Most of Iluvatar's Chinese rivals are similarly small players on the global stage. MetaX posted revenue of 743 million yuan in 2024, while Moore Threads recorded an even smaller 438 million yuan, and Biren came in at just 337 million yuan.
The Manufacturing Problem
The entire group faces a series of formidable obstacles, starting with limited access to advanced chip manufacturing technology. U.S. sanctions implemented in late 2024 effectively cut off Chinese AI chip companies from working with contract chip foundry TSMC, which dominates the global market for cutting-edge chip production.
Without access to TSMC, many companies have pivoted their production back to Mainland China, turning to domestic foundries like industry leader SMIC. But that solution creates its own significant problems. First, U.S. sanctions have capped SMIC's capabilities at around 7 nanometer technology – several generations behind TSMC, which has already begun producing 2 nanometer chips. This means companies like Iluvatar will lack the ability to manufacture upgraded products even as their design capabilities improve and potentially catch up with U.S. peers.
Making matters worse, SMIC has limited capacity to produce 7 nanometer chips due to its inability to purchase additional advanced manufacturing equipment. This forces Chinese chipmakers into fierce competition for the foundry's scarce manufacturing slots. Those slots typically go to larger, more established players like Huawei, leaving smaller firms struggling for access and often forced to seek alternatives elsewhere.
Losses Mounting
Given their relatively tiny revenue base combined with the enormous costs of designing and producing chips, it's hardly surprising that Iluvatar and its peers have yet to turn profits. In the first half of this year, Iluvatar posted a net loss of 609 million yuan – nearly double its revenue for the period.
Still, the potential upside for investors betting on Chinese GPU stocks is undeniably compelling. Chinese demand for AI chips is massive and expanding rapidly. Iluvatar cites third-party research in its prospectus forecasting the market will reach 898.1 billion yuan by 2029, quadruple the 217.5 billion yuan in 2024.
More importantly for domestic players, locally made general purpose GPU products are expected to capture over 50% of that market by 2029, up from 17.4% last year and just 8.3% in 2022. Beijing will almost certainly continue supporting domestic GPU makers through various channels, including direct financial subsidies and policy measures that effectively carve out protected segments of the market.
A Crowded Field
However, as investors contemplate the massive potential upside, they should also recognize the intensely fierce competition building in this market. Beyond the names already mentioned, Iluvatar and its peers face more formidable rivals in companies like Huawei, along with mid-tier players such as Cambricon (688256.SH) and Hygon (688041.SH).
These larger competitors enjoy multiple advantages.

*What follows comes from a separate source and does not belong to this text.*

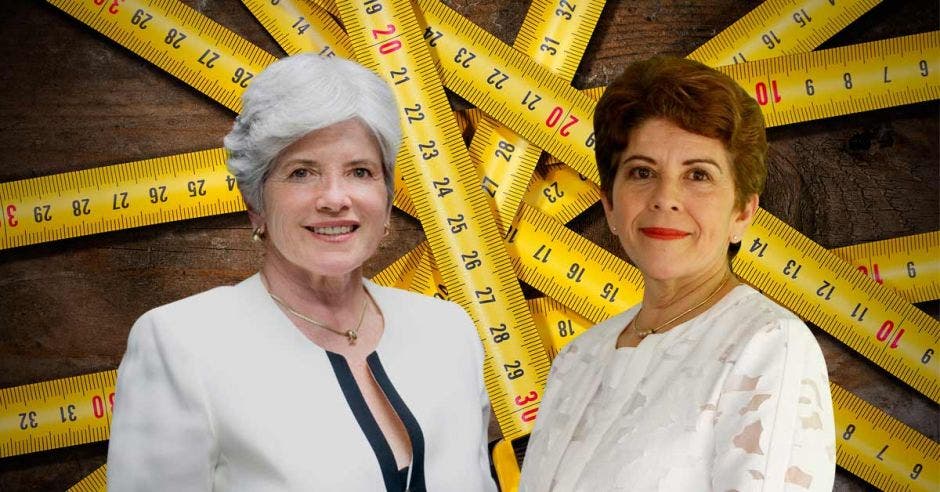 Rocío Aguilar, ministra de Hacienda, y Marta Acosta, contralora general,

They command priority access to SMIC's limited manufacturing capacity. They lead in technology and product development. And they possess far deeper financial resources to weather the inevitable storms ahead.

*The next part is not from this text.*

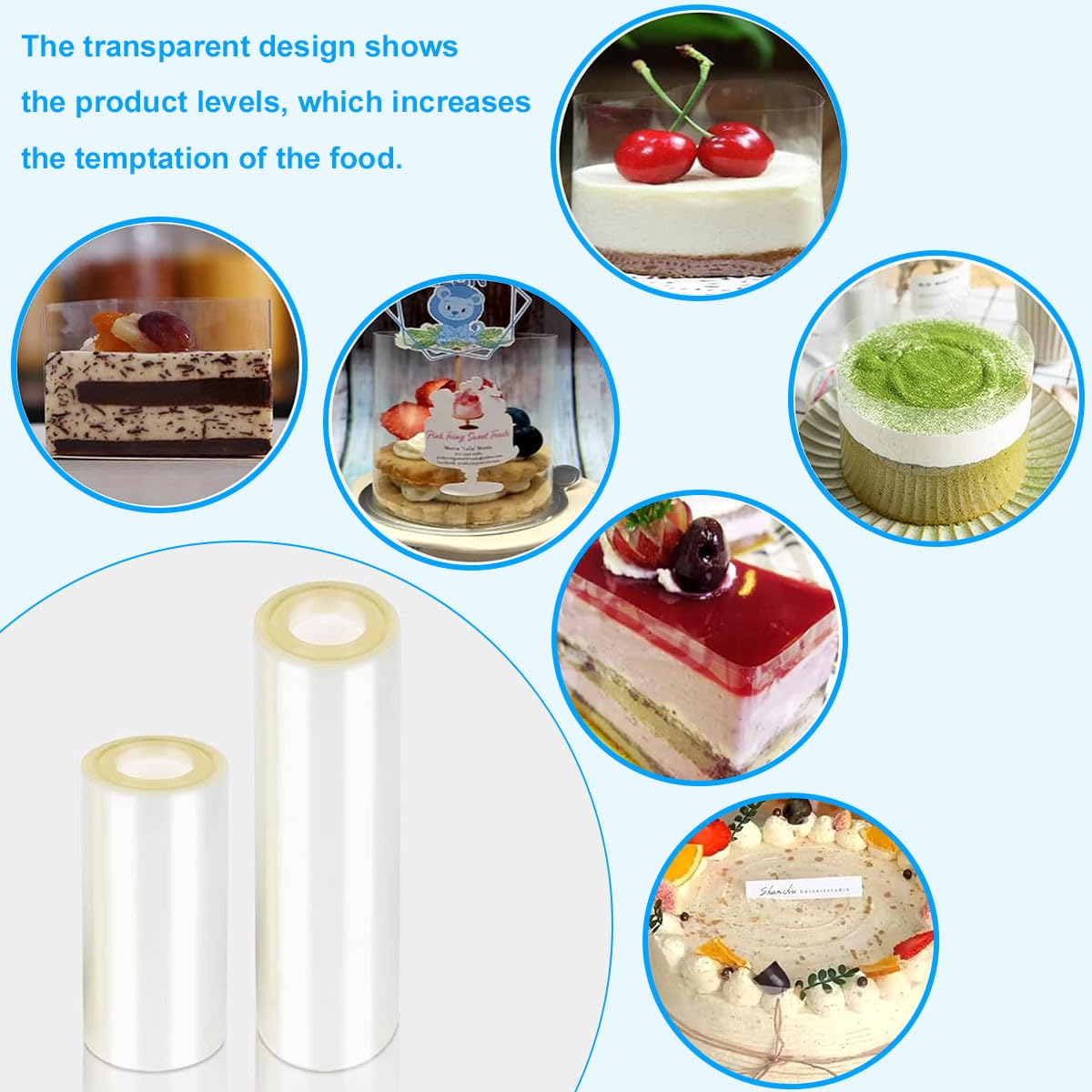 Rollo de Acetato Transparente para Repostería – Lámina de Acetato para Bordes de Tartas, 5m x 6/8/10cm – Papel de Acetato Alimentario – Ideal para Decorar Pasteles, Chocolate, Mousse y Postres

There are signs of a chip bubble building here, one that seems destined to burst within the next five to 10 years. But for the moment, that's almost beside the point. Right now, shares of all the new names like Iluvatar seem likely to perform well initially, snapped up eagerly by investors hunting for substantial short-term gains. Whether those gains prove sustainable is another question entirely.